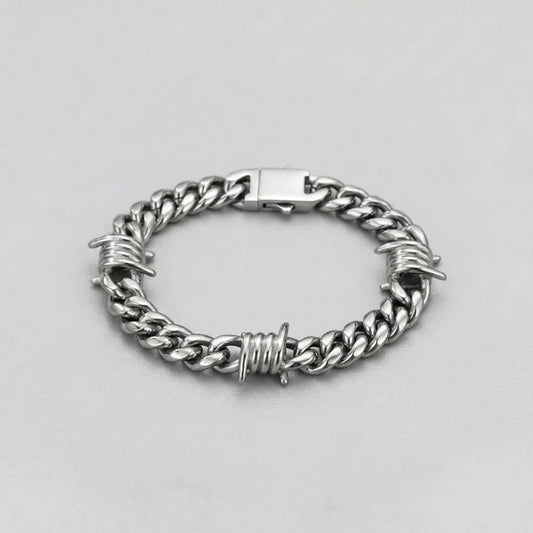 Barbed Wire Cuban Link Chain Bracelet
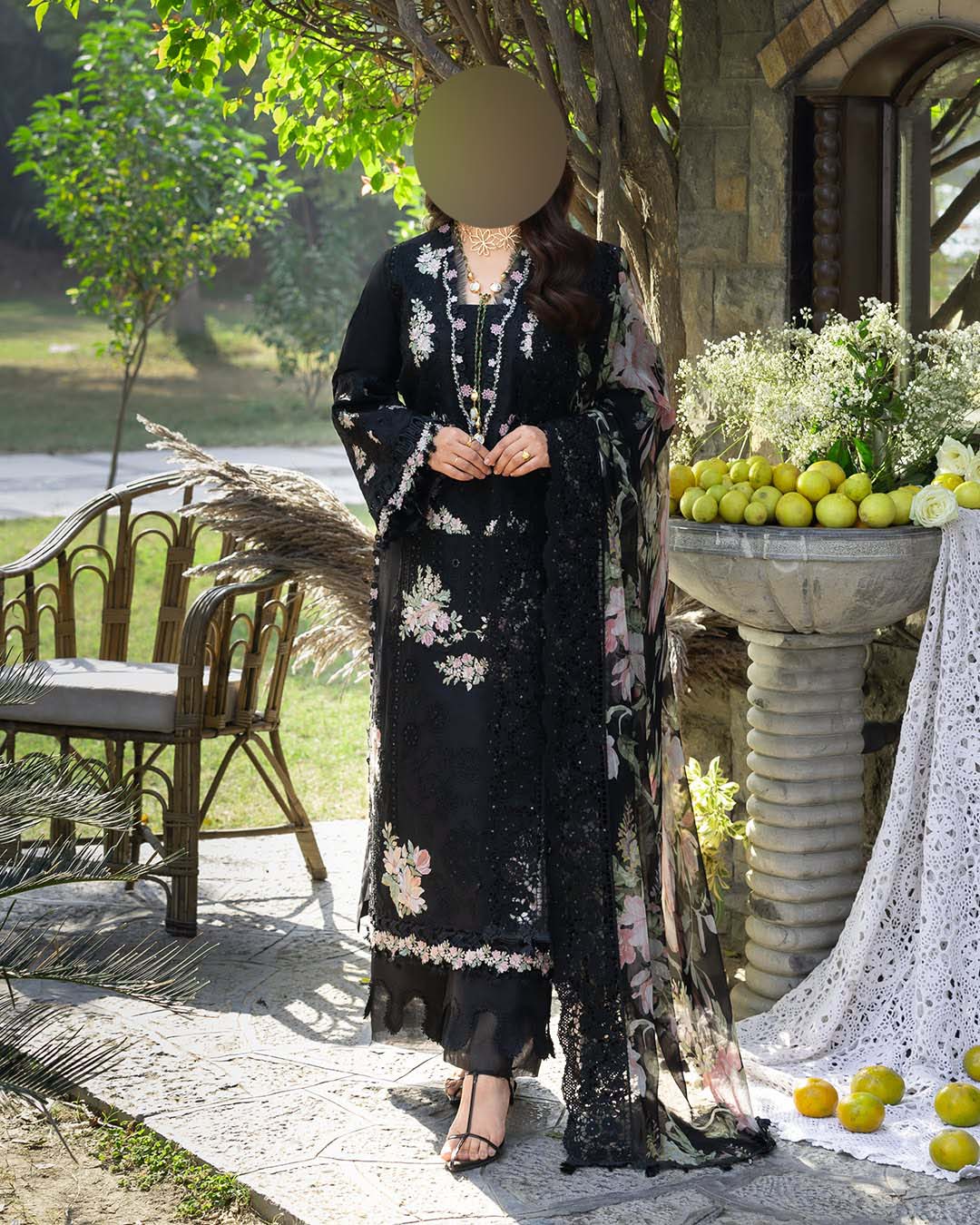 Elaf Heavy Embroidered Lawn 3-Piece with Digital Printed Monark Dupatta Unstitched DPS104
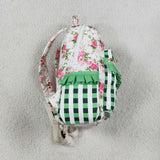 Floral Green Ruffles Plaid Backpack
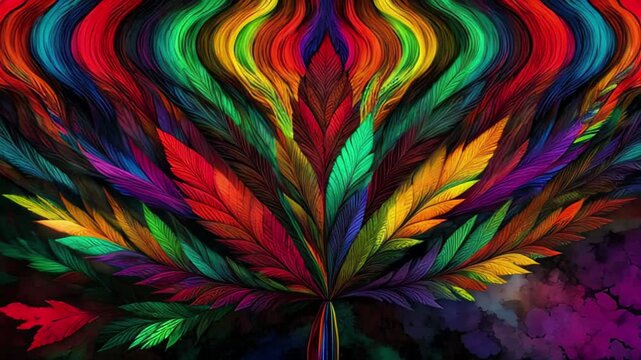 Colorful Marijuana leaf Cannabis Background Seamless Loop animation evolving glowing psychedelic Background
# # # #
**Exercise instructions:** Word for word, reproduce all of the data, but keep out the pictures.

**Result for this task:**
 Barbed Wire Cuban Link Chain Bracelet
 Elaf Heavy Embroidered Lawn 3-Piece with Digital Printed Monark Dupatta Unstitched DPS104
 Floral Green Ruffles Plaid Backpack
 Colorful Marijuana leaf Cannabis Background Seamless Loop animation evolving glowing psychedelic Background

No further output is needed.